The Hamza distribution was introduced by [1] with the cumulative distribution function (cdf) and the corresponding probability density function (pdf) respectively given by

$F_H\left(y\right)=1-\left[1+\frac{\theta x\left({\theta }^5{y}^5+6{\theta }^4{y}^4+30{\theta }^3{y}^3+120{\theta }^2{y}^2+360\theta y+720\right)}{\left(\alpha {\theta }^5+120\right)}\right]{\text{e}}^{-\theta y}$ (1)

and

$f_H\left(x\right)=\frac{{\theta }^6}{\alpha {\theta }^5+120}\left(\alpha +\frac{\theta }{6}{y}^6\right){\text{e}}^{-\theta y}$ (2)

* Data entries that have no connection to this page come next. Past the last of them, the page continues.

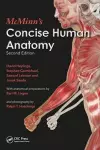 McMinn's Concise Human Anatomy cover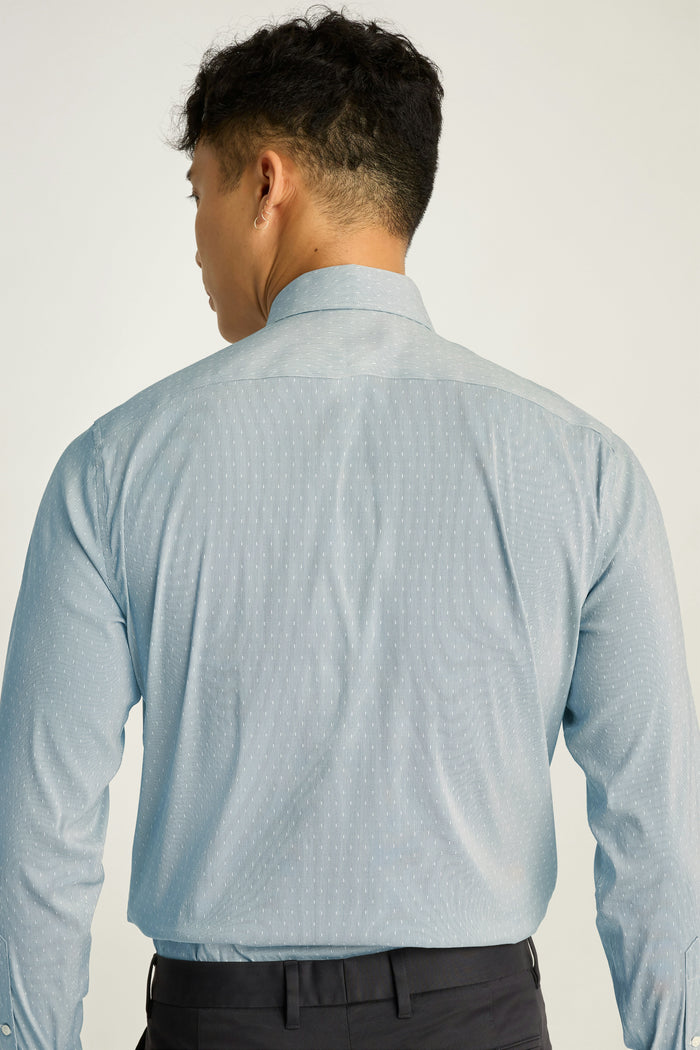 Jetsetter Stretch Dress Shirt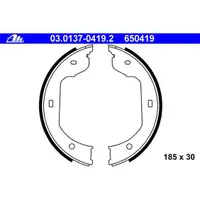 ATE 03.0137-0419.2 TBB-Satz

for $y>0$, $\theta >0$ and $\alpha >0$.

It may be observed that the Hamza distribution was obtained by compounding the exponential distribution having scale parameter $\theta$ and the gamma distribution having shape parameter 7 and scale parameter $\theta$, with mixing proportions $p=\alpha {\theta }^5/\left(\alpha {\theta }^5+120\right)$ and $q=\alpha {\theta }^5/\left(\alpha {\theta }^5+120\right)$ such that $p+q=1$.

[1] studied the properties and applications of this distribution in the context of lifetime analysis, showing that the distribution is superior to Lindley distribution due to [2], Ishita distribution by [3] and Pranav distribution by [4], respectively.

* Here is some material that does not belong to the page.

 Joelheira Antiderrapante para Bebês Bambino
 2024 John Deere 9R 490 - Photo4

The aim of this paper is to introduce a new distribution, called the power Hamza distribution, which is a direct generalization of the Hamza distribution. Some of the distributions proposed using the power transformation include the power Lindley due to [5], power Akash and Shanker proposed by [6] [7], power Ishita and power Aradhana due to [8] [9], power Rama and power Garima due to Abebe et al. [10] [11], power Pranav due to [12], power Sujatha by [13], power Prakaamy by [14]. From the literature reviewed in this paper, all the power transformed distributions were shown to be more flexible than their corresponding baseline distributions and more useful for analyzing complex data structures in various fields of life.

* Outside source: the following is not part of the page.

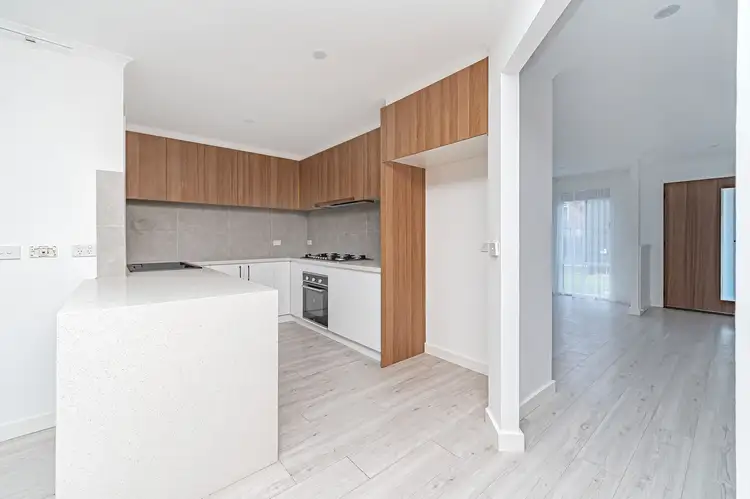 Third view of Homely house listing, 14 Garonne Circuit, Roxburgh Park VIC 3064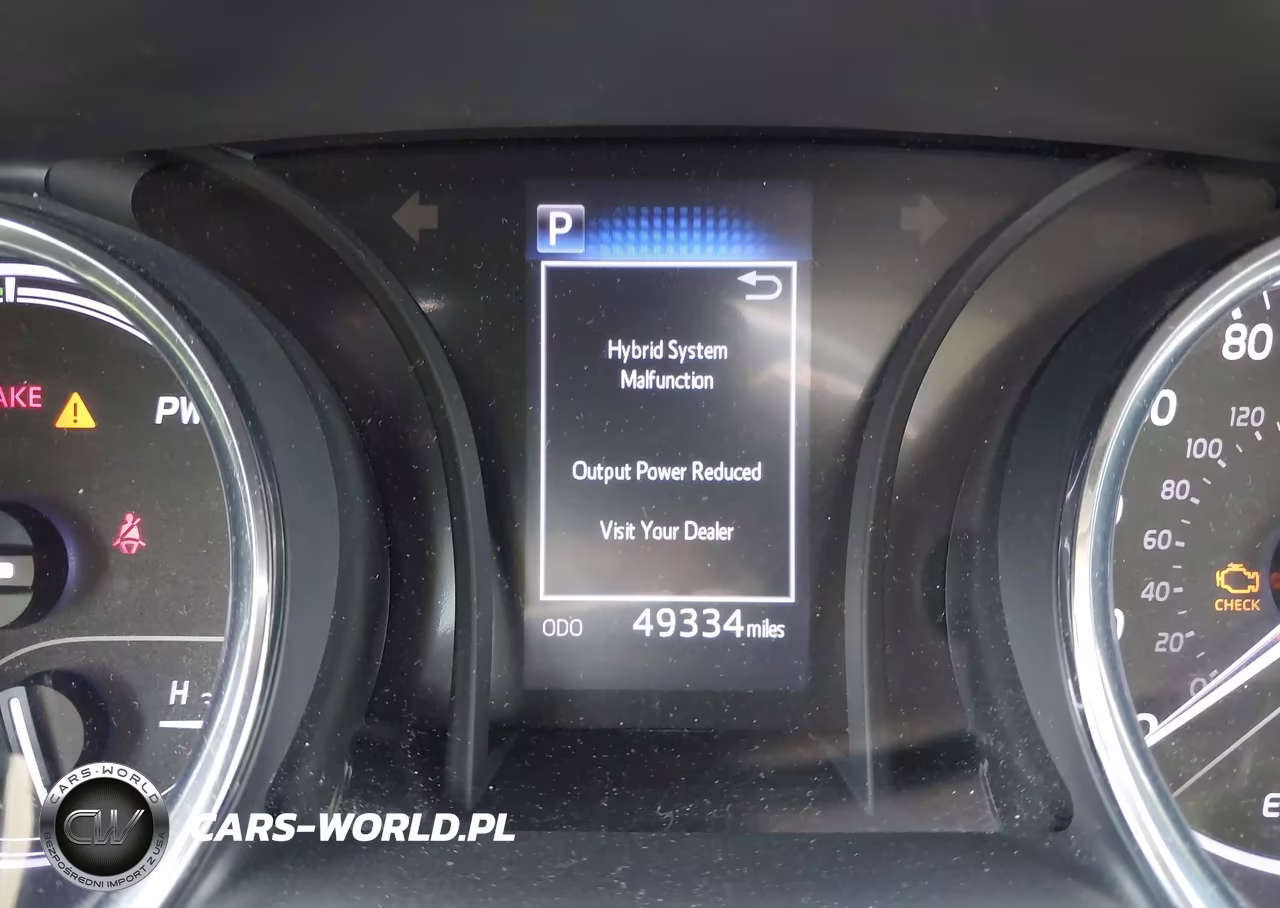 2020 Toyota Camry Le Hybrid VIN:4T1C31AK0LU539799 - 16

The rest of the paper is organized as follows. The pdf, cdf and hazard rate function of the new distribution is given in Section 2. Section 3 provides a comprehensive account of the properties of the distribution including the moment generating function, moments, skewness, kurtosis, mean residual lifetime, mean deviations, Bonferroni and Lorenz curves, stochastic ordering, entropy measure, stress-strength reliability, distributions and moments of order statistics. In Section 4, the maximum likelihood estimates of the parameters of the distribution are given. Also, Section 5 gives the asymptotic confidence intervals. Section 6 illustrates the proposed model in two real-datasets. The paper is concluded in Section 7.

2. The Power Hamza (PH) Distribution

The probability density function, cumulative distribution function and hazard function of the power Hamza distribution having parameters $\theta$, $\alpha$ and $\beta$ are provided in as Propositions 1, 2 and 3.

Proposition 1. A random variable X is said to have a PH distribution if its pdf is of the form

$f_{PH}\left(x\right)=\frac{\beta {\theta }^6}{\alpha {\theta }^5+120}\left(\alpha +\frac{\theta }{6}{x}^{6\beta }\right)x^{\beta -1}{\text{e}}^{-\theta x^{\beta }}$ ; $x>0$, $\theta >0$, $\alpha >0$, $\beta >0$ (3)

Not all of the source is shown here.